The second paragraph details a fight simulation someone set up between us in the second period, which went as well as anyone would have expected. We pulled weapons on each other again and got a first warning in the shape of a brand from Headmistress Mavre.

My hand automatically goes to the round, jagged scar on the inside of my wrist. I remember it briefly but didn’t realize this was the reason.

The next few pages are timeline summaries of noted hostilities between East and North Wing heirs. Escalation patterns, reports of physical altercations, damaged property, and disciplinary interventions. There were deaths on both sides; more notably, a cousin of Vincenzo whom I attacked after they tried to ambush me. The language is sterile and institutional, trying to reduce blood, ego, and obsession into bullet points and timestamps.

Then I hit the first picture titled BATTLE SIMULATION ARC.
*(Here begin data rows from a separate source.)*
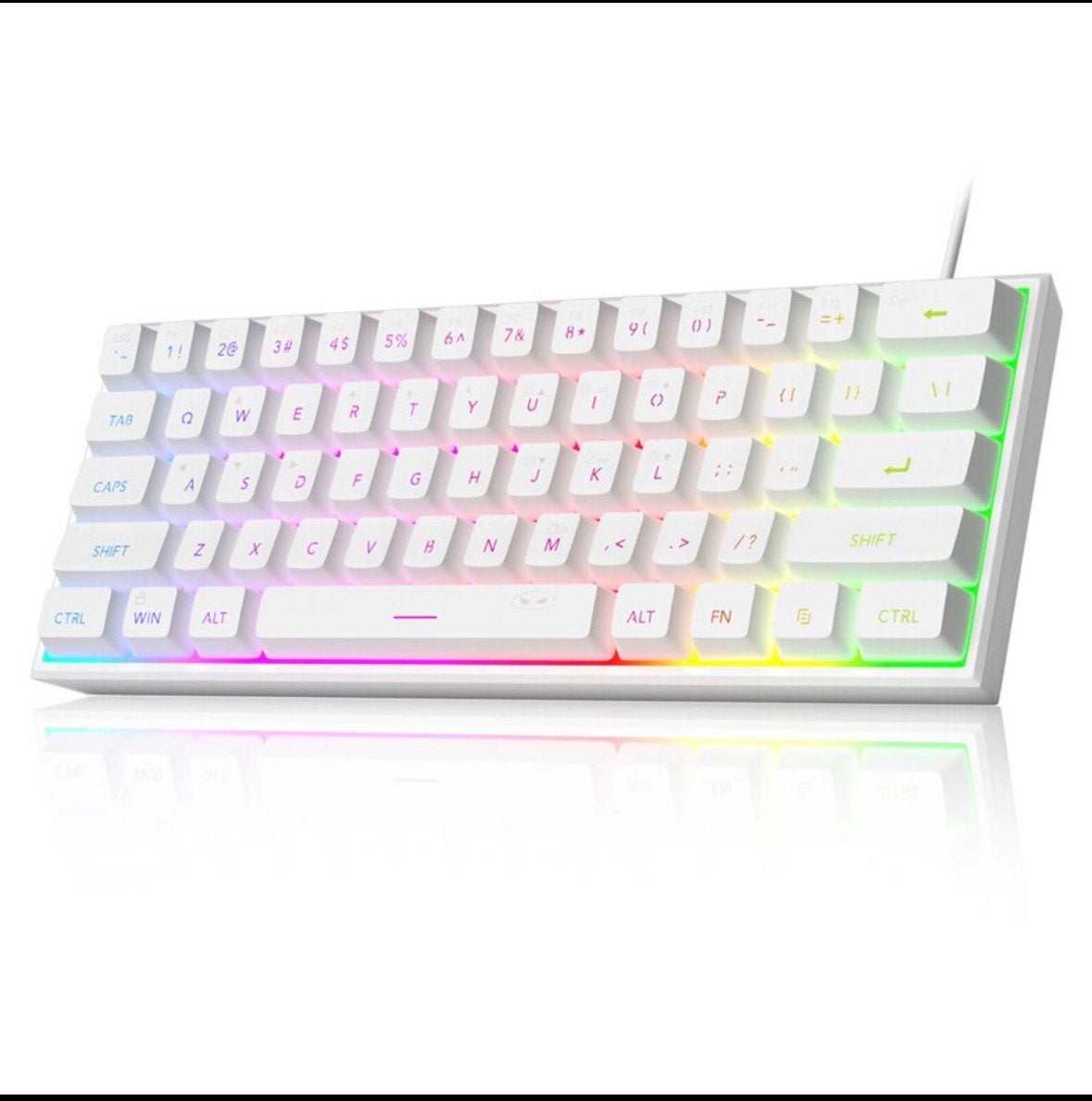 Gaming toetsenbord-nieuw, Gaming toetsenbord, Nieuw, Ophalen of Verzenden, Qwerty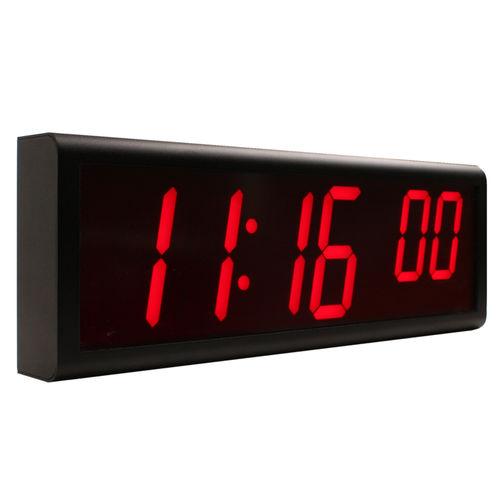 Orologio da parete - ARC/HMS/ONT6BK - Galleon Systems - digitale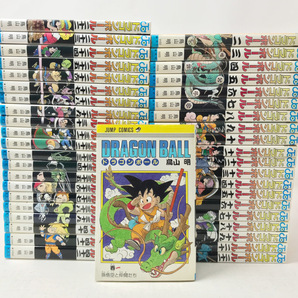 【全巻 初版】ドラゴンボール 1～42巻 全巻初版(第1刷)セット 鳥山明 DRAGON BALL AKIRA TORIYAMAの画像1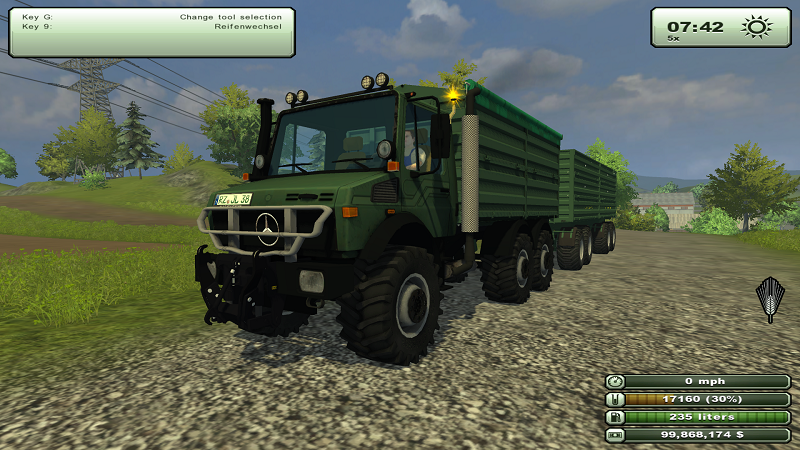 UNIMOG 2450 6X6 V 2.0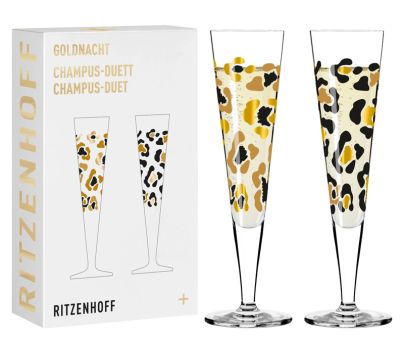 Ritzenhoff Prom Goldnacht Champus Duett A. Vasconcelos H25 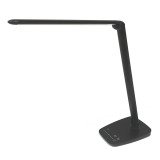Lámpara de sobremesa led integrada Twist Unilux - 14 W - brazo plegable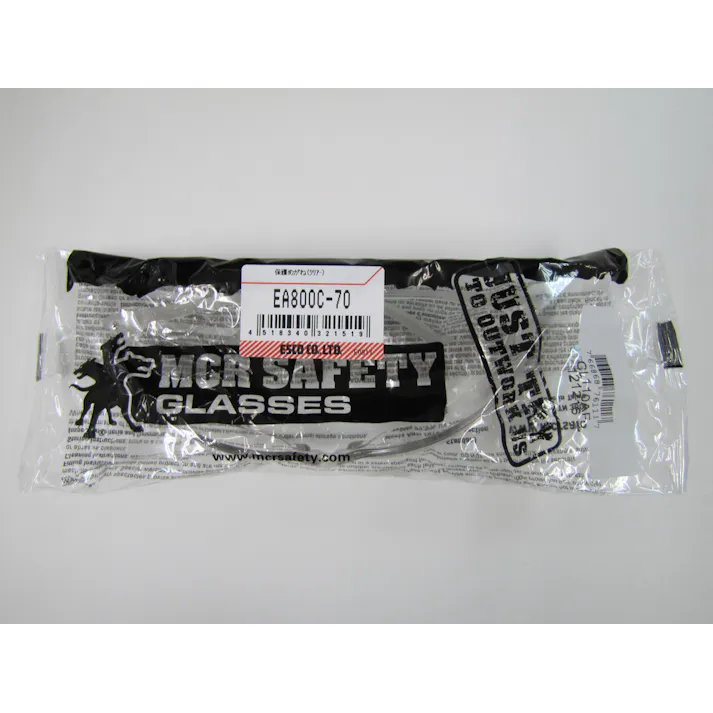 ESCO 保護めがね(クリアー) EA800C-70 4518340321519(CDC)【別送品】
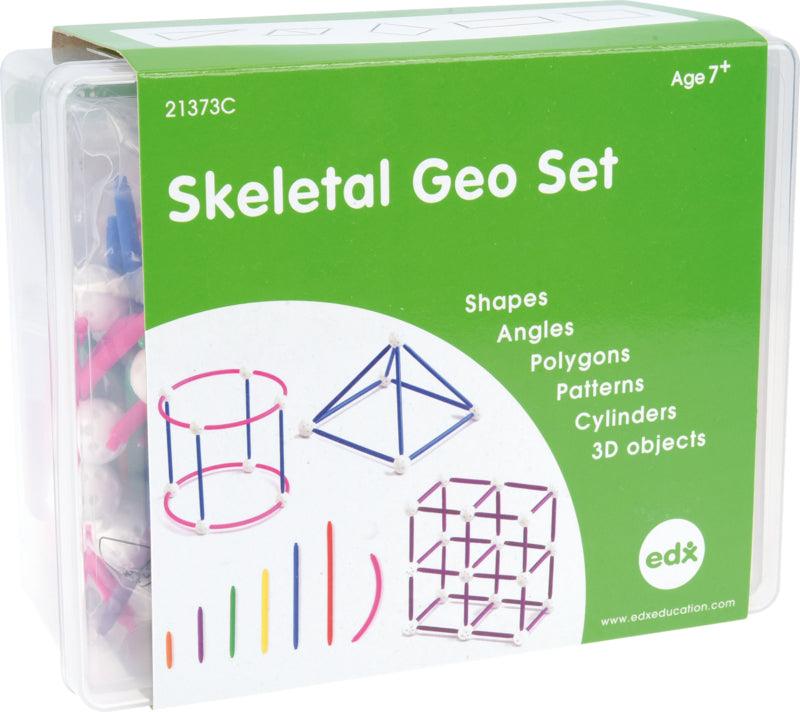 Bouwpakket voor het bouwen van solide figuren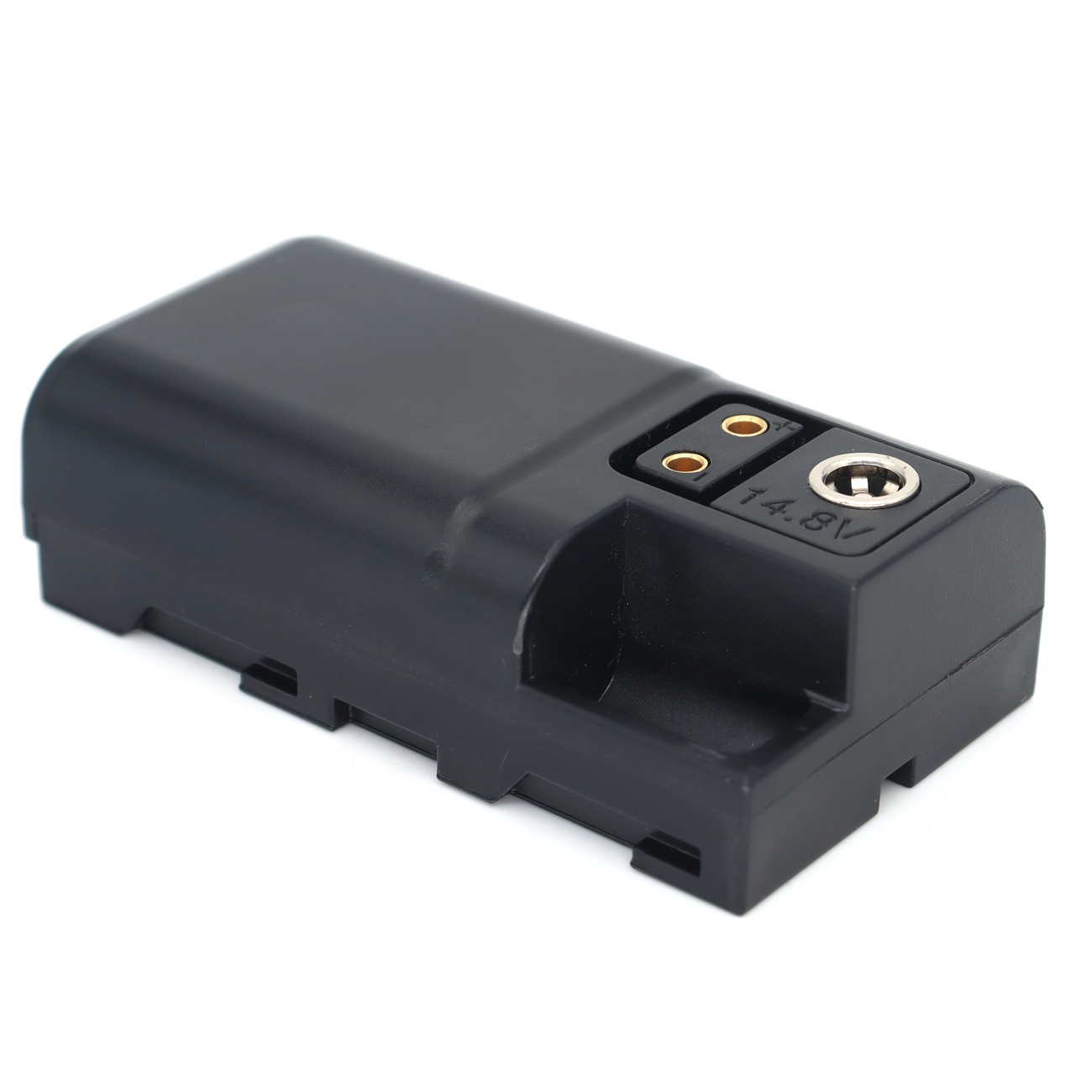 DC2.5/D-tap Power Input NP-F550/NP-F570/ 970 Power Coupler DC Dummy Battery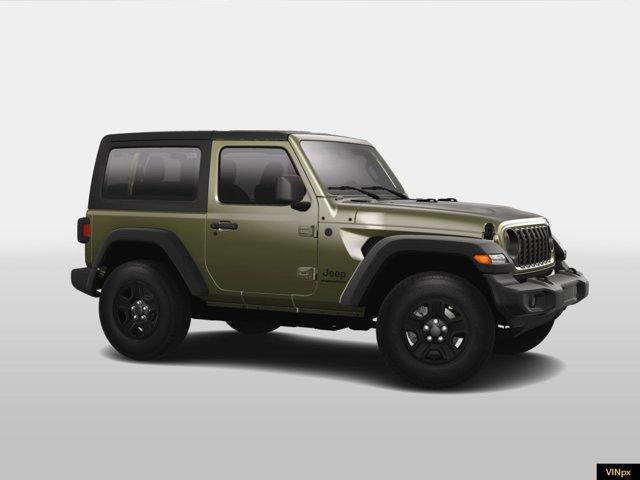 new 2025 Jeep Wrangler car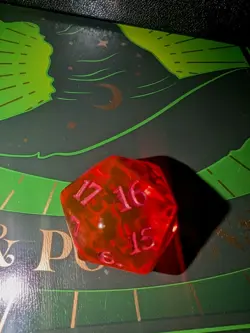 MTG Dice Innistrad: Crimson Vow Gift Bundle Spindown Die Life counter D20 - Image 3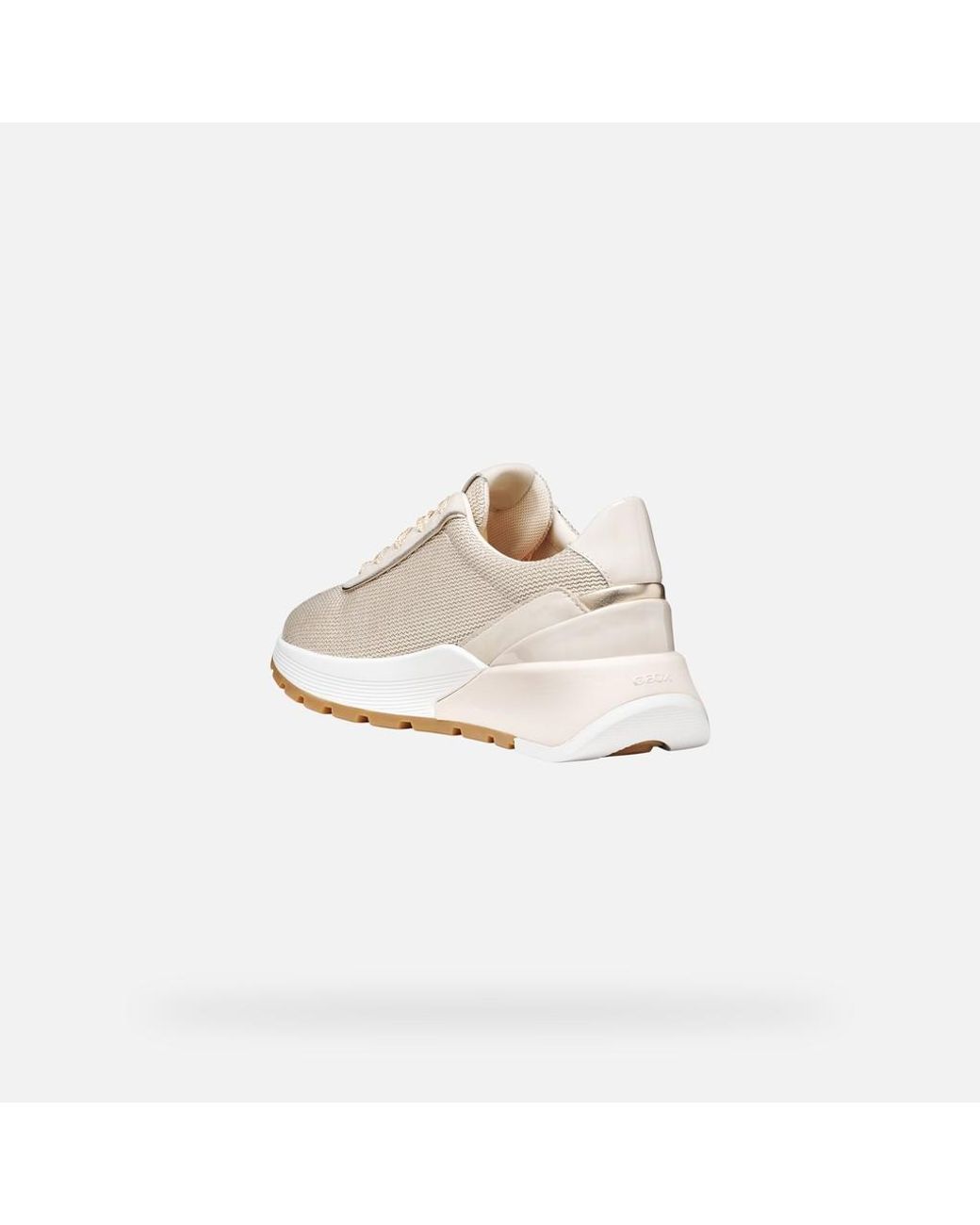 Geox White Metropoli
We’re both in tactical gear, but I’m straddling Vincenzo in the middle of what looks like a bunker. It’s just the two of us—bloodied and covered in dust, but my face is so close to his that from this angle, we appear to be kissing.

I know that grin on my face, or I knew it once. I’ve seen echoes of it in flashes, in dreams, in those tiny moments where instinctoutran memory. Seeing it on my own face in a still image is like being slapped by a ghost.

“What the fuck,” I whisper, and the sound of my own voice startles me.

I grit my teeth and move on to the next report.

East-North Feud. That’s the word they use every time. Feud, conflict, hostility, and retaliatory patterns. Weeks of it. Reports of us lunging across tables, baiting each other in classes, forcing protocol breaches just to get near enough to start something.

I breathe out slowly and reach for the second folder.

This one is thinner, with a black tab featuring the Dragovich crest in the middle and my name—Arseniy’s script—underneath. I know his handwriting the way soldiers know the sound of an incoming shell. I open it, and every muscle in my body goes rigid.

REPROGRAMMING PROTOCOL.

The words sit there in clean block letters, and for a second, the room changes around me. The office disappears, and all I can hear is the rush of blood in my ears and some half-memory of fluorescent lights and a room that smelled like bleach and sweat.